When you reach the line containing "Musculosa basica de" in the records below, set it down exactly, together with every later line through the end, but not the pictures.

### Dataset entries

►

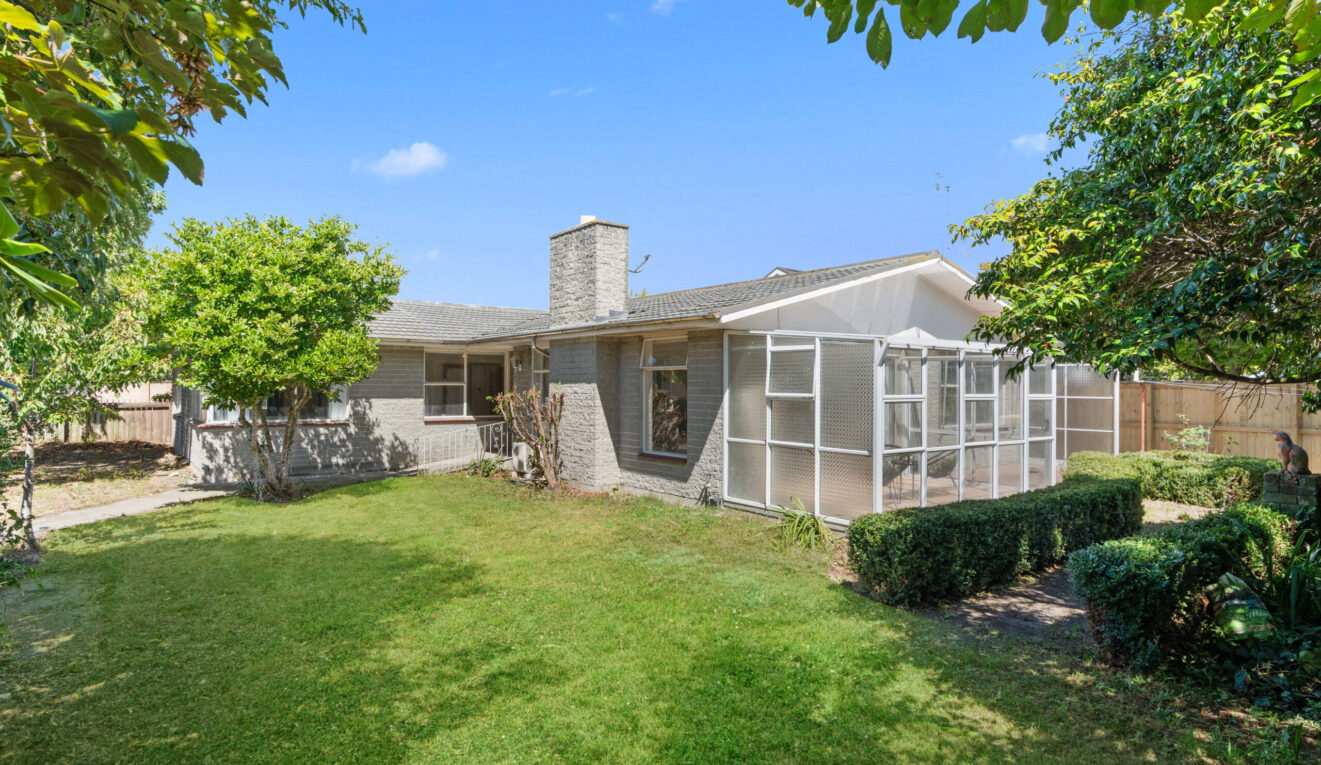 2 Moorpark Place, Ilam, Christchurch,   8041 New Zealand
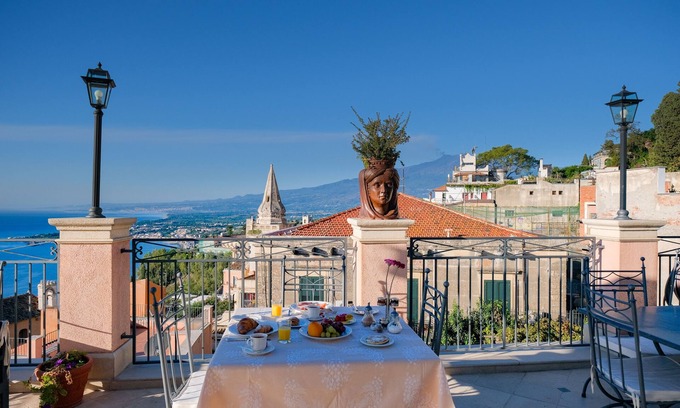 Taormina City Centre Bed & Breakfast | Casa Turchetti - Taormina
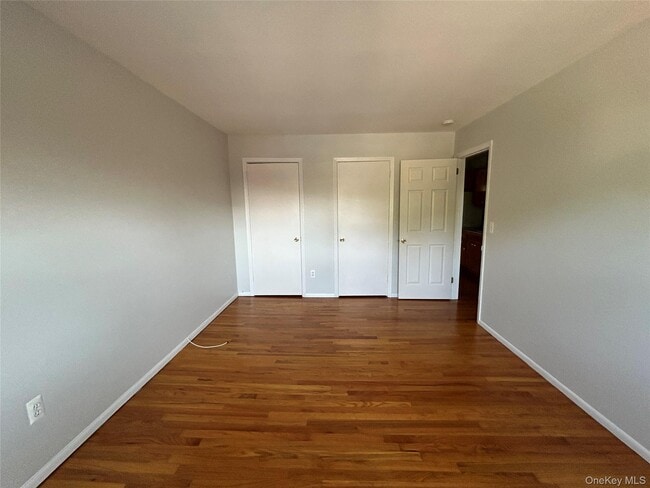Building Photo - 153 6th Ave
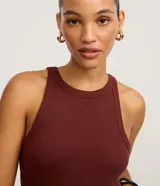 Musculosa basica de rib de algodon color bordo con cuello redondo y corte regular.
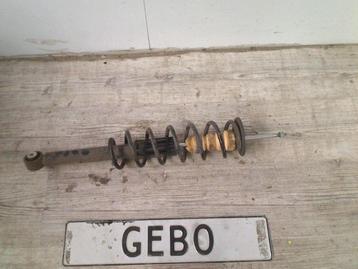 SCHOKBREKER RECHTS ACHTER Volkswagen Golf VII (AUA) beschikbaar voor biedingen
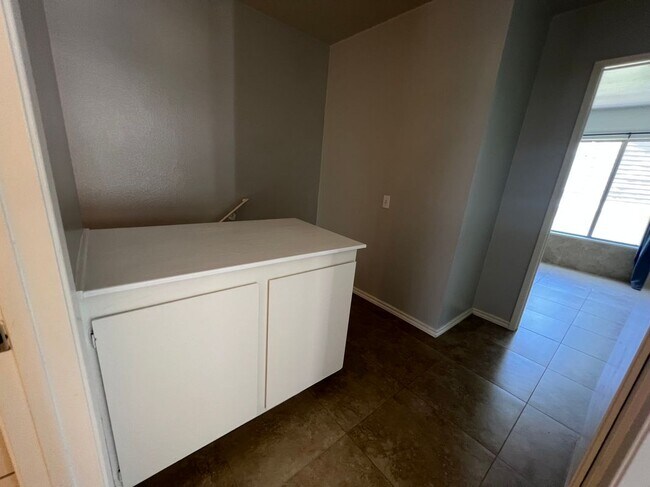 Building Photo - 36 Birchwood Ln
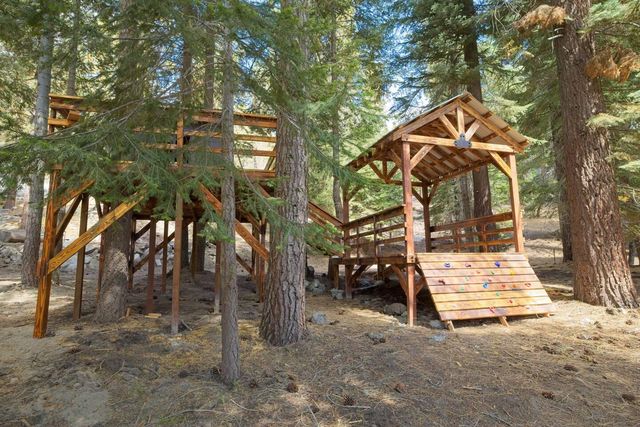 56981 Sequoia Drive, Springville, CA 93265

◄

### Result of the exercise
 Musculosa basica de rib de algodon color bordo con cuello redondo y corte regular.
 SCHOKBREKER RECHTS ACHTER Volkswagen Golf VII (AUA) beschikbaar voor biedingen
 Building Photo - 36 Birchwood Ln
 56981 Sequoia Drive, Springville, CA 93265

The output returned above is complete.